If Pennsylvania sets up its own marketplace, as 13 other states have, subsidies there would continue to flow.

“In order to protect 382,000 Pennsylvanians from potentially losing subsidies that help them afford health care coverage, I have written to the federal government outlining a contingency plan to set up a state-based marketplace to ensure no one loses their health coverage,” Wolf said in a statement. 

Wolf's Republican predecessor declined to set up a marketplace in the state, but Wolf, a Democrat, is far more willing to create one.

Many of the states that could lose subsidies have Republican governors who are struggling to figure out what to do if the court rules for the challengers. Their citizens’ face the loss of subsidies, but Republicans in general remain strongly opposed to ObamaCare.

Some GOP governors, such as Louisiana Gov. Bobby Jindal, have vowed not to set up a marketplace, while others, such as Ohio Gov. John Kasich, have not ruled out the option. 

During oral arguments in March, conservative Justice Samuel Alito raised the possibility of the court delaying the ruling's effects until the end of the year to give states time to set up their own marketplaces.

The Obama administration’s lawyer, Solicitor General Donald Verrilli Jr., called the prospect of states setting up their own marketplaces in six months “completely unrealistic.”

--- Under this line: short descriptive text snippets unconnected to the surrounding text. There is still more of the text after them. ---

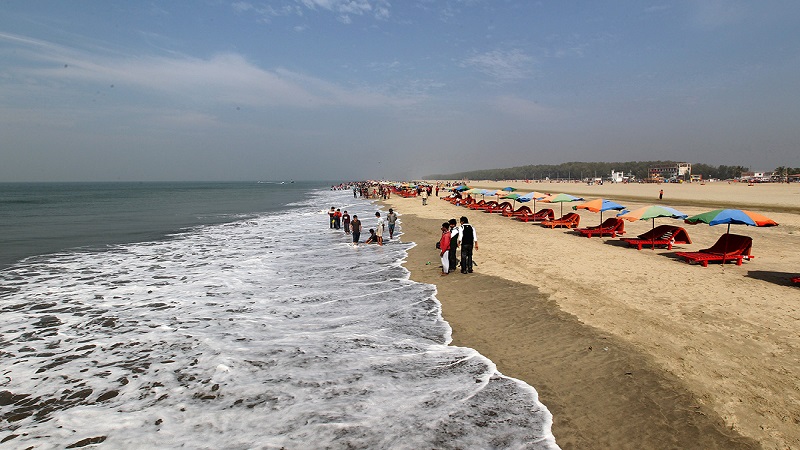 31st at Cox's Bazar: Strict ban on outdoor events, but hotels buzzing - Vimarsana News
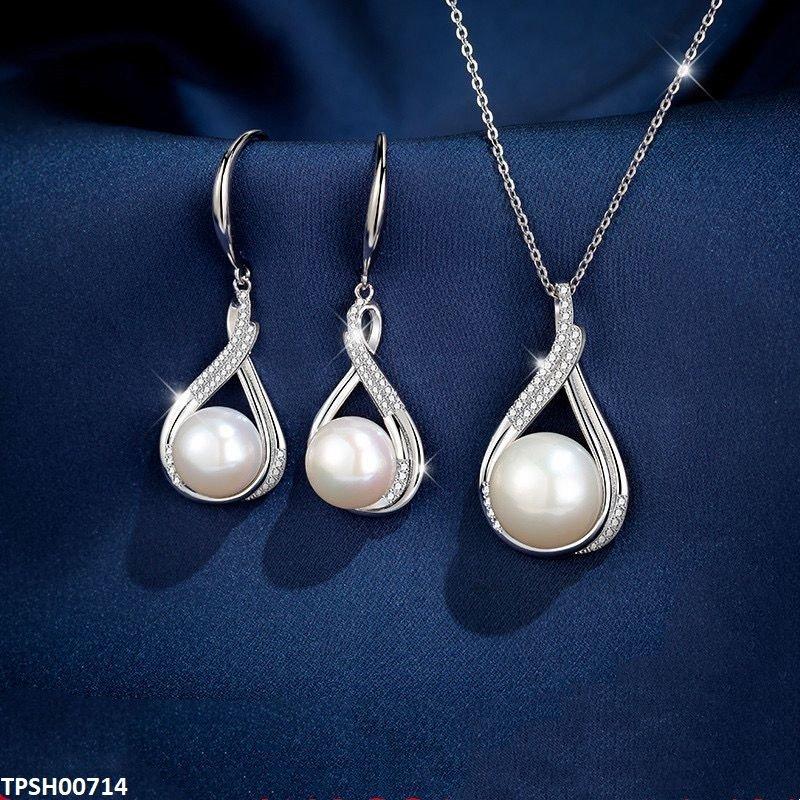 Round Pearl Pendant Set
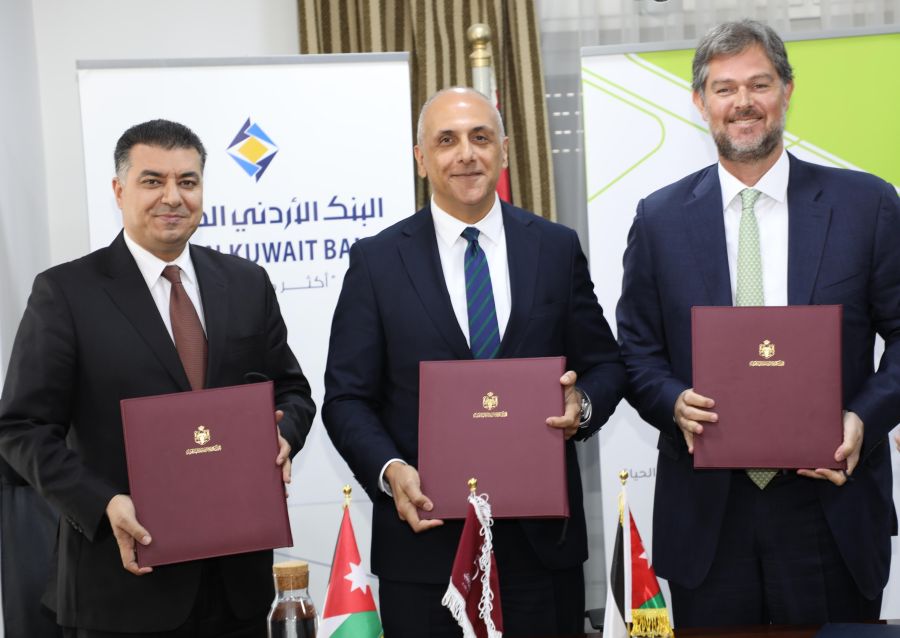 البيئة والزراعة والبنك الأردني الكويتي يوقعون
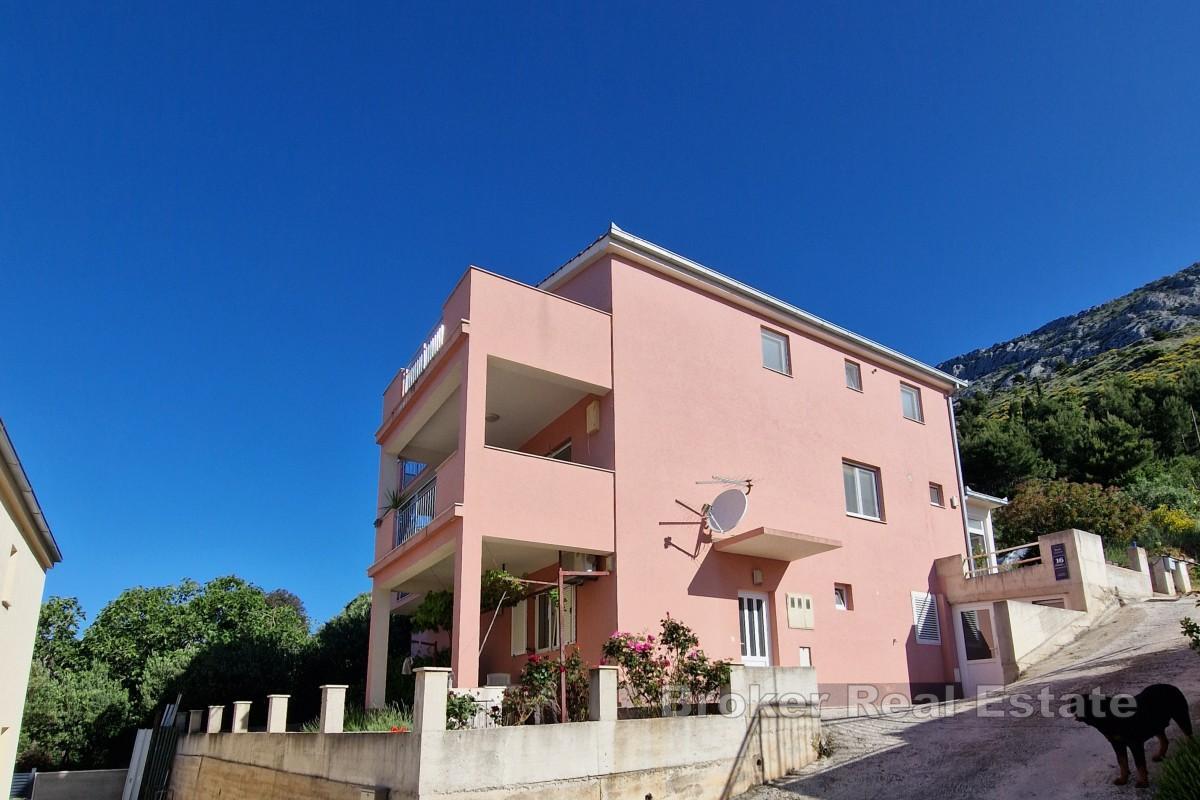 Casa con appartamenti con vista mare aperta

The Obama administration has maintained that there is nothing it can do if the court strikes down the subsidies, arguing the justices should rule in its favor. 

A spokesman for the Department of Health and Human Services did not immediately respond to a request for comment on the Pennsylvania letter.

Pennsylvania does not envision setting up a marketplace that it runs completely by itself. Instead, it says “Pennsylvania will assume responsibility for running the Marketplace, but will leverage the Federally Facilitated Marketplace’s (FFM’s) existing infrastructure to provide certain services.”

The state says it will work closely with the federal government to figure out which responsibilities would be on the state level and which would be federal.